European Aristocracy in the Last 100 Years

Ah, I think I see…it was originally hijos d’algo, no?

I was asking for a definition of “royalty.” I already knew what “sovereign” meant. :cool:

Each Emperor had to be crowned by the Pope; this is why most Emperors were technically just “Emperor-Elect.” An established Kingship, on the other hand, is inheritable without Papal consent once it is established – but how does it get established?

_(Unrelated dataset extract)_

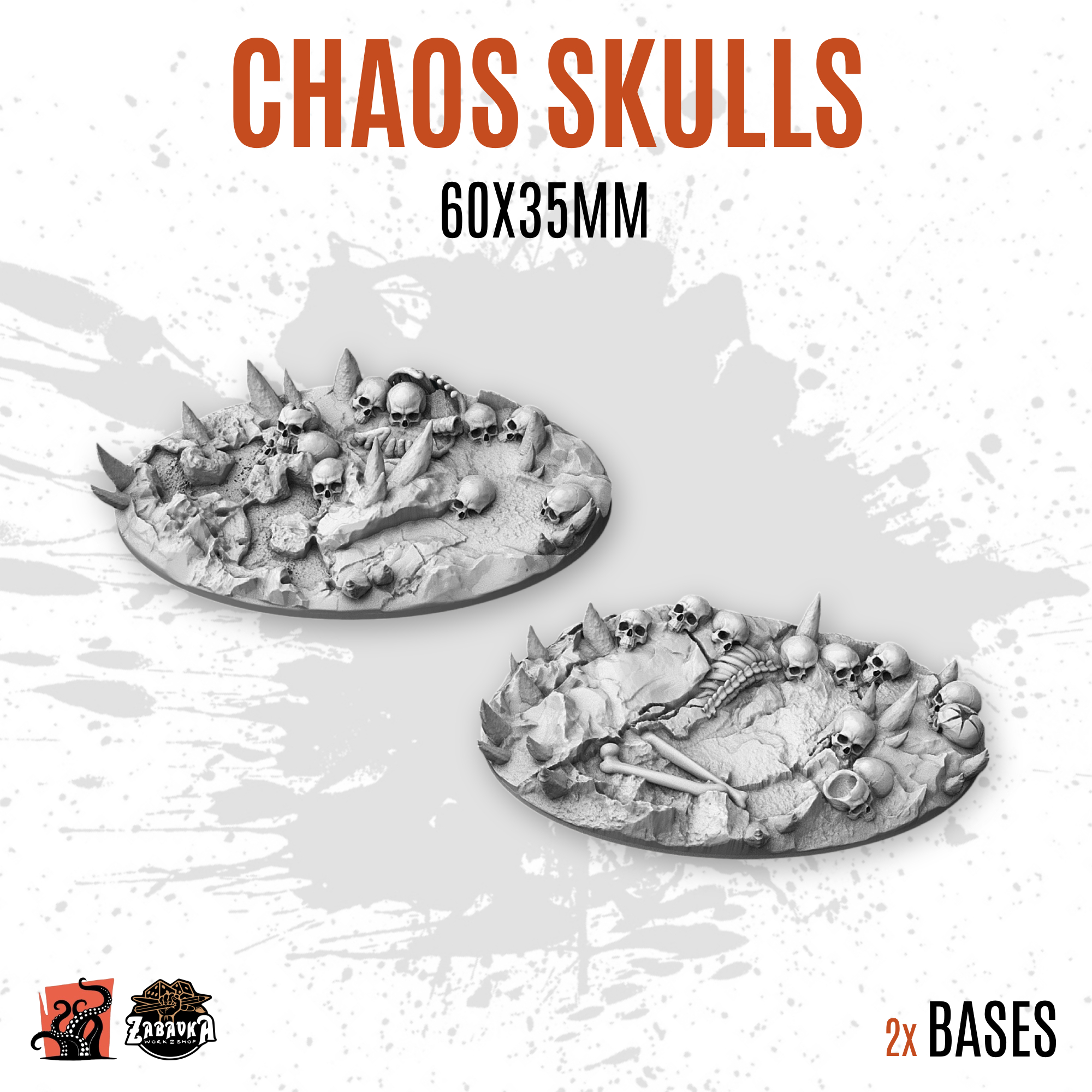 Chaos Skulls - 60x35mm oval base (2uds)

Castille got “promoted” from County to Kingdom, if I understand correctly, when the County was held by the King of Leon. From Wikipedia we see a clearer example in Hungary:

ETA: “Grand Prince” (or equivalent non-English term) was used in Eastern Europe by non-Catholic sovereigns.

Fair enough.

I assume it depends on the country. IIRC:
British nobility’s special standing slowly ebbed away thanks to more egalitarian laws, until only the titles and a few special rights and privileges remain.
Much of France’s nobility was deposed during the Revolution in 1790; there was an effort to restore it after Napoleon, but then it came and went with the tide of the politics. Napoleon upset the applecart with a lot of Europe, plus there was a serious social upheaval in 1848.
German/Austrian/Hungarian nobility basically lost all rights with the end of empire after WWI?
Russia ditto, plus firing squad.
Any small eastern countries that had not deposed their nobility by WWII, the Soviets did it for them.

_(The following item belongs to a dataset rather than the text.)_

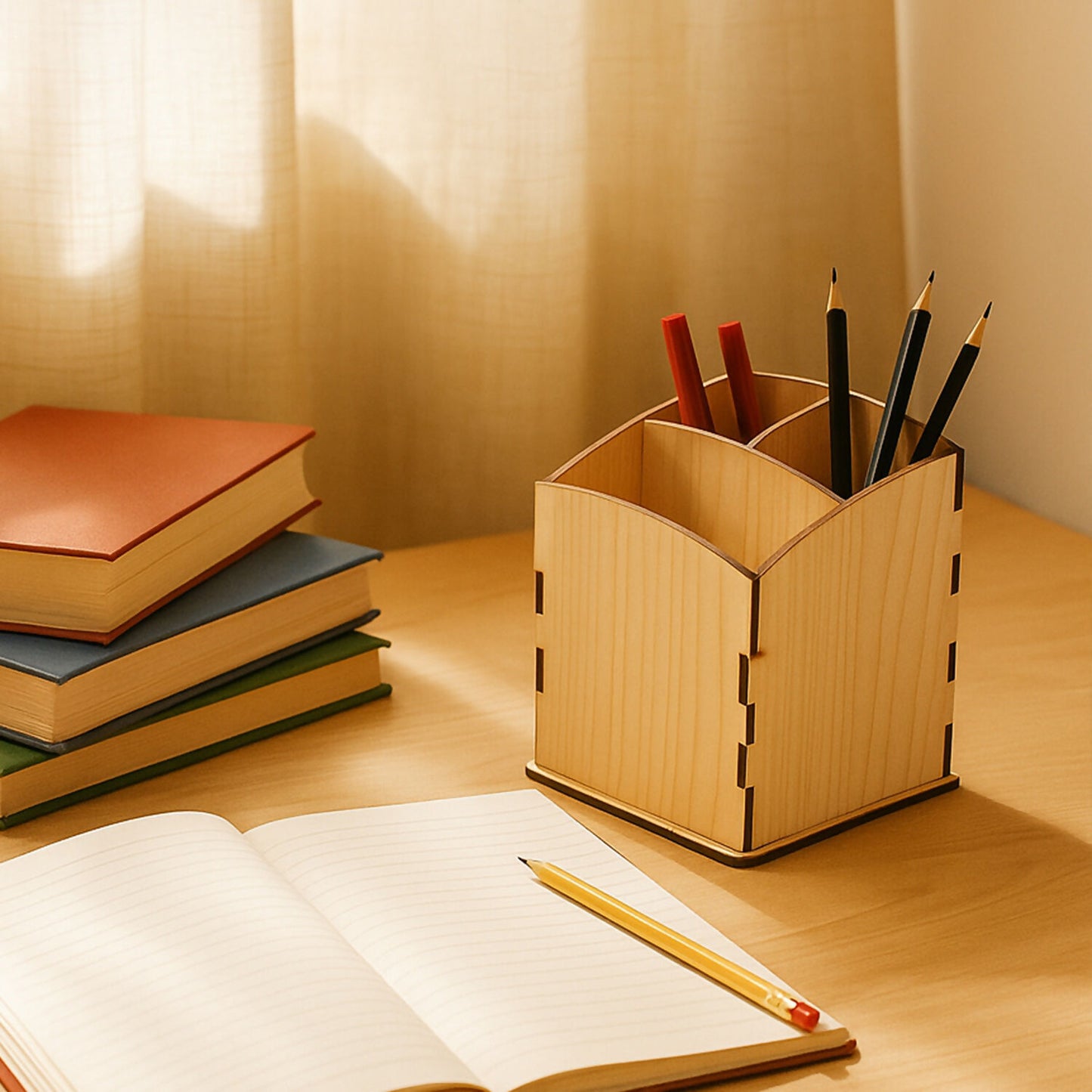 Khyati Wooden Pen Stand – Cube Shape Desk Organizer with Multi-Section Storage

I assume the more democratic European countries (like Sweden, Denmark, Belgium, etc.) followed the same path as Britain in gradually removing the legal privileges of nobility. Major upheavals due to wars probably hastened this process.

A few very tiny states, like Vatican or Monaco, retain their original structure…

Also known as “People who are important enough that they are allowed to carry swords around in public.”

If I believe old family lore, I’m a male-line descendant of a minor titled lord who emigrated to the US. Even if it was true AND I had the exactly correct descent through firstborns and/or younger brothers of bachelors AND the title was not forfeited by emigration or US citizenship, the title was French and I don’t think it even legally exists anymore at all.

Yep.

And it was a very P.G. Wodehouse memory :slight_smile: 1970s and '80s, but hearing those conversations felt more like the 1900s…

Castille had been created as a dependent County; flipped allegiances between Leon, Navarre and independence (at which point its Count was a sovereign); at one point its Count became King of Leon by marriage and later they stayed together as a personal union; eventually the Kingdom of Leon became the Kingdom of Castille-Leon became the Kingdom of Castille. So it’s not that Castille became a Kingdom, but that an already-established Kingdom changed its name.